● GOAL OF THE EXERCISE
From the line containing "Brown Snake-Print Trench Coat" to the line containing "Blyantsrids til komposition" in the entries below, reproduce every line exactly, ends included. Nothing else belongs in the copy, and no pictures.

● MATERIAL FOR THIS EXERCISE
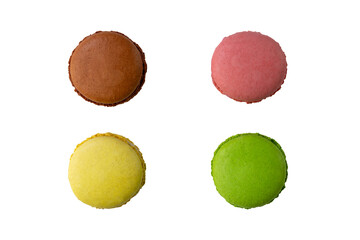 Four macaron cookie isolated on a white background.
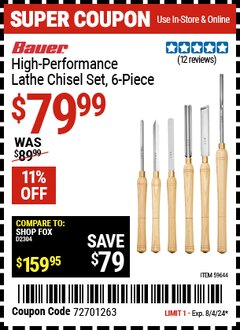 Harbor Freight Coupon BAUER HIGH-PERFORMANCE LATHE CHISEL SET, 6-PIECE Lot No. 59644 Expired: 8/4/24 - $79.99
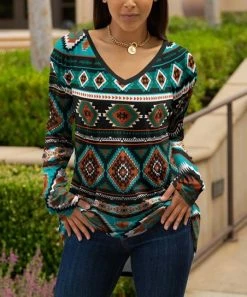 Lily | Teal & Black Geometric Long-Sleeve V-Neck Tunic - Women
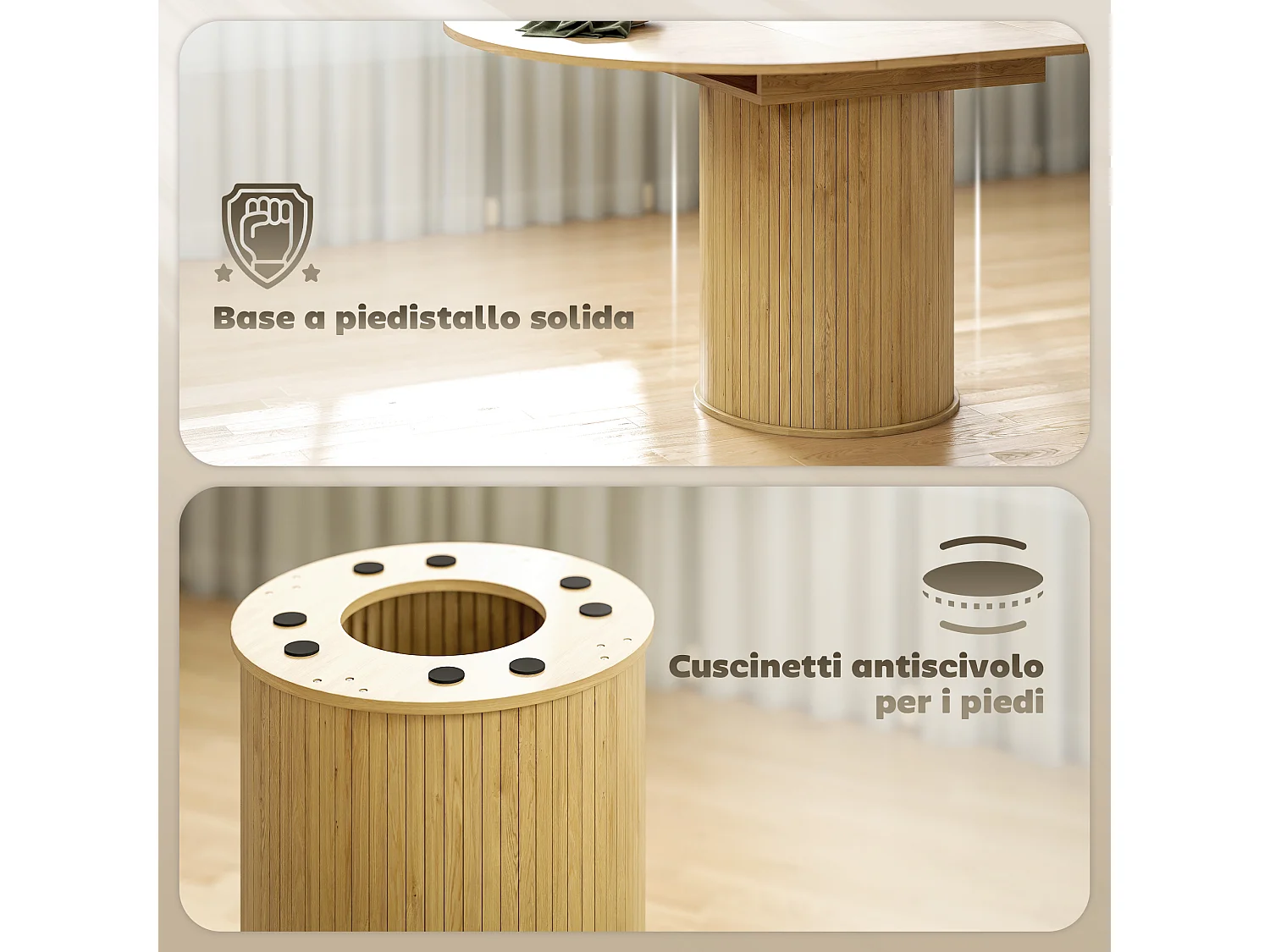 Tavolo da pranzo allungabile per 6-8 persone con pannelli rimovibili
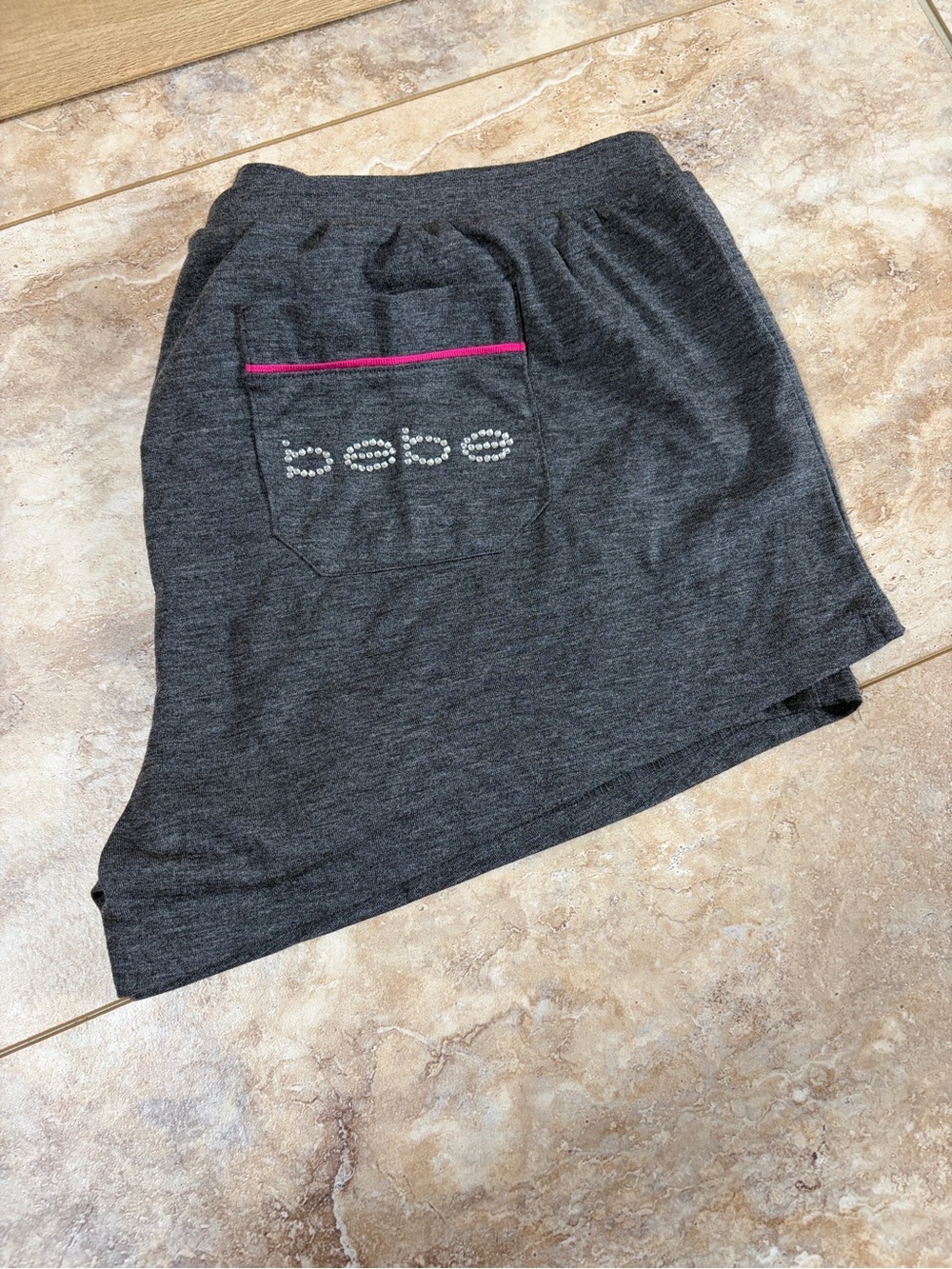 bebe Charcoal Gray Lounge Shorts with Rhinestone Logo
---
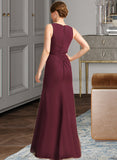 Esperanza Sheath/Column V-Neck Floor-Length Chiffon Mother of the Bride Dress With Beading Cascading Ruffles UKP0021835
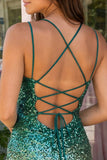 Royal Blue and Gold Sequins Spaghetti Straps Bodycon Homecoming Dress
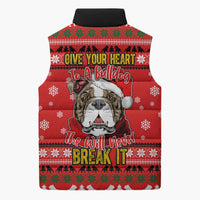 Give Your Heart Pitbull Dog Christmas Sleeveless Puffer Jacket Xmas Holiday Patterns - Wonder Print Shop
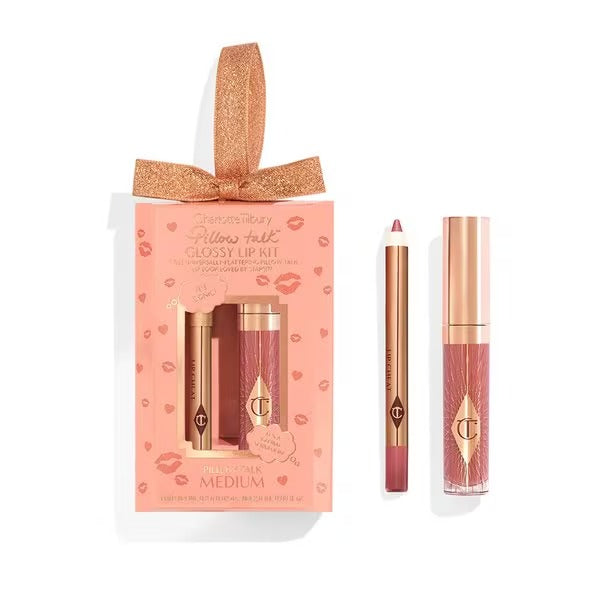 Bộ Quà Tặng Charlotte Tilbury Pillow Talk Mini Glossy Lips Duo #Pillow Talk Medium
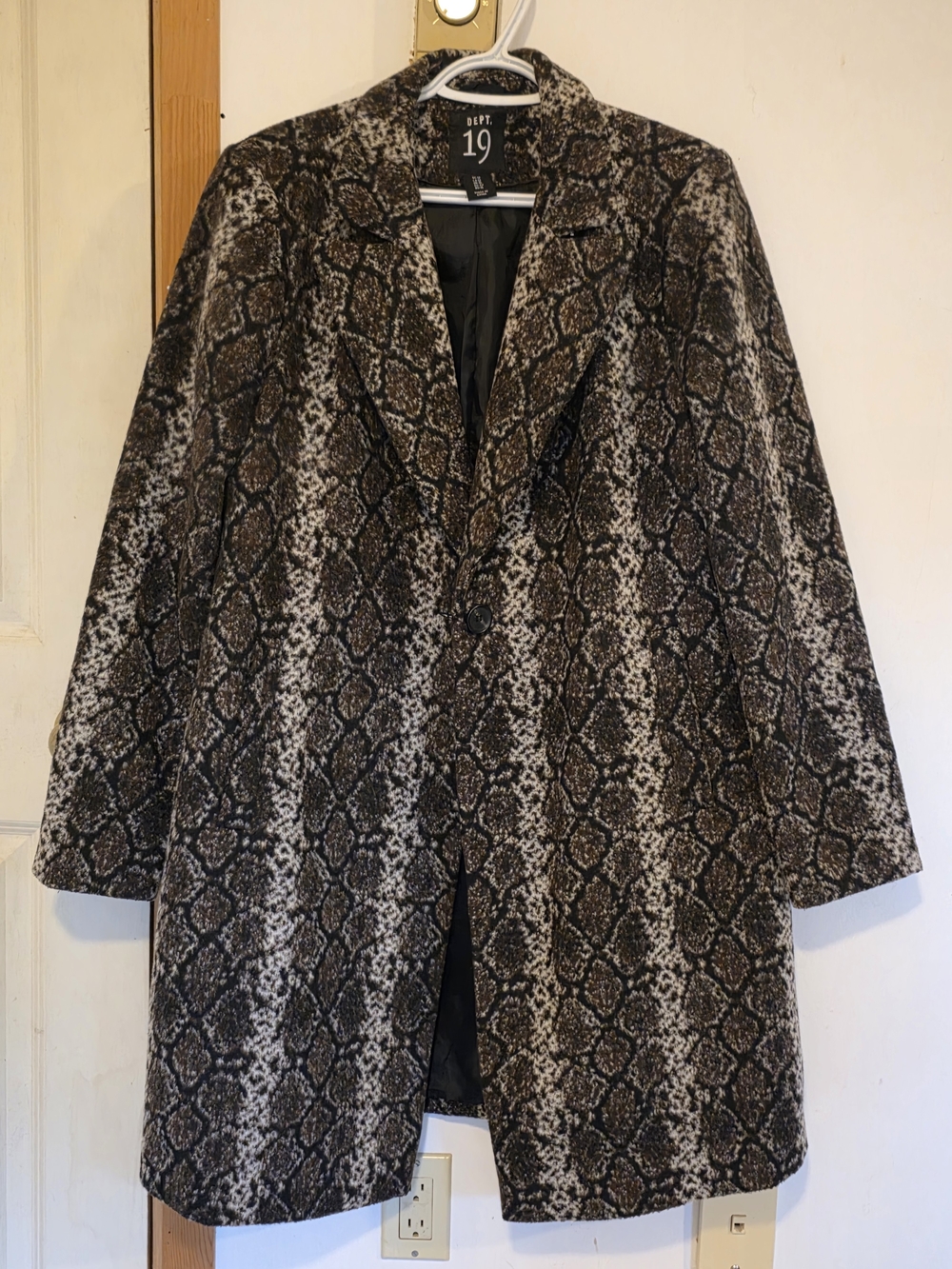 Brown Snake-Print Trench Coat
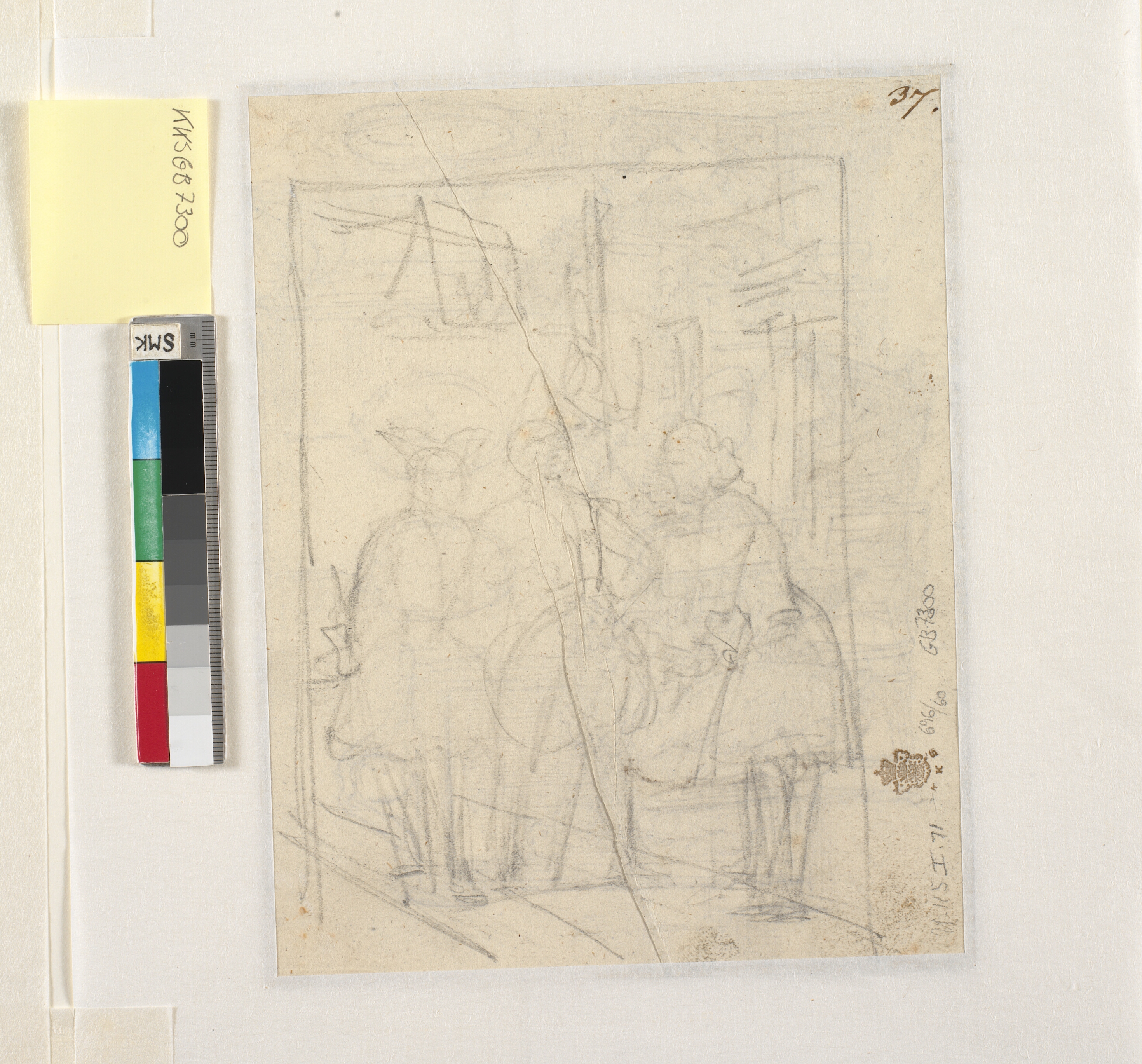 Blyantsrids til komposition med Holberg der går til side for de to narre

● TASK SOLUTION
 Brown Snake-Print Trench Coat
 Blyantsrids til komposition med Holberg der går til side for de to narre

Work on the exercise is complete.